Delivers insights you can act on immediately

Thematic doesn't just categorize feedback. It shows you which themes drive your metrics, helping you prioritize what actually matters. You get clear, defensible insights that research and insights teams can confidently present to executives.

Making review analysis work for you

Your unorganized database of review data isn't a collection of chaotic data points. With appropriate analytics and an advanced AI analysis tool like Thematic, this dataset can become a goldmine of insights.

In this guide, we've covered the basics of review analysis and how you can apply it to your own data to get high-quality, actionable insights. But the work doesn't stop there.

Take prompt action on your customers' feedback and let them know you've acted on their input. Once that's done, keep monitoring new reviews to pick up on emerging issues that might need attention. That's how you create a feedback loop that enhances customer experience over time and shows your customers you're really listening.

Try out Thematic on your customer reviews

Ready to see how Thematic analyzes reviews across platforms? You can now try a free guided demo of Thematic using your data.

Frequently asked questions (FAQs)

1. What is the best software for review analysis?

Thematic is review analysis software that automatically categorizes feedback from Google, Trustpilot, app stores, and other sources into themes. Unlike black-box AI, Thematic gives research teams transparent control to edit and validate themes, making analysis auditable for executive reporting.

2. How do I analyze customer reviews at scale?

Use AI-powered review analysis software like Thematic to automatically identify themes across thousands of reviews. Thematic unifies review data from multiple platforms into one transparent analysis, reducing analysis time from weeks to hours while maintaining research-grade accuracy.

3. Can AI analyze customer reviews accurately?
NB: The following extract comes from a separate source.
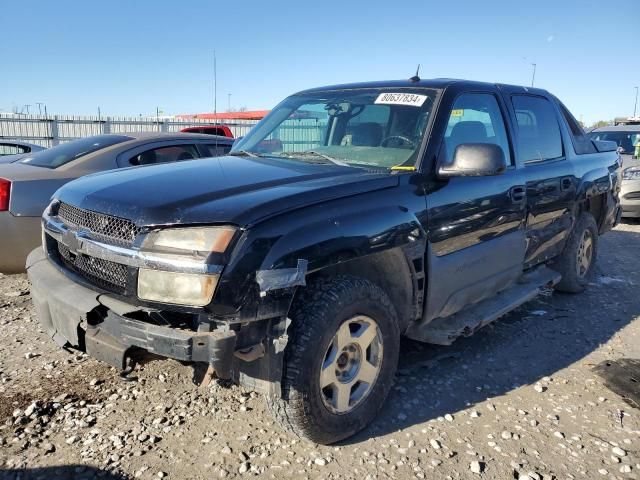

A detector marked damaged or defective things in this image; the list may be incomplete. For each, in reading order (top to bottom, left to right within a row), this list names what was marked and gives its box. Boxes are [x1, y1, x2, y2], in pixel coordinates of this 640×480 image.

damaged front bumper [26, 248, 238, 378]
cracked headlight [137, 227, 235, 306]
Yes. Advanced AI tools like Thematic use large language models combined with traditional AI to identify themes with high accuracy. The key is choosing tools that give you transparent control to validate and refine AI-generated themes, ensuring analysis quality.

4. What tools can analyze reviews from multiple sources in one place?

Thematic acts as a feedback intelligence layer, sitting on top of existing review platforms. It automatically pulls data from Google, Trustpilot, app stores, social media, and other sources into unified analysis, eliminating the need to manually aggregate reviews.

5. What review analysis software gives me control over how themes are built?

Thematic combines AI automation with human-in-the-loop oversight. The Theme Editor lets you edit, merge, split, and validate how themes are built, giving you transparent control over the analysis while maintaining the speed benefits of automation.

6. How do I make review analysis transparent and auditable for executives?

Use review analysis software that shows exactly how themes are built and connects insights to business metrics. Thematic provides transparent, research-grade analysis where every theme can be traced back to source reviews, making insights defensible in executive reporting.

7. What's the difference between automated review analysis and manual review coding?

Automated review analysis uses AI to identify themes in minutes, while manual coding takes weeks. Thematic combines both by automating theme discovery while letting researchers validate and refine results.

8. How long does review analysis take?

With AI-powered tools like Thematic, review analysis takes minutes instead of weeks. Traditional manual analysis of thousands of reviews could take 2-3 weeks. Thematic reduces this to hours while discovering insights manual analysis would miss due to volume limitations.

9. What types of reviews can I analyze with Thematic?

AI-powered tools like Thematic reduce review analysis from weeks to hours. Traditional manual analysis takes 2-3 weeks, while Thematic delivers results in minutes without missing insights.

10. How does review analysis improve customer experience?

Review analysis identifies specific issues customers face and what they value most. By acting on these insights, you can prioritize improvements that matter to customers, fix urgent problems quickly, and create a feedback loop that continuously enhances customer experience over time.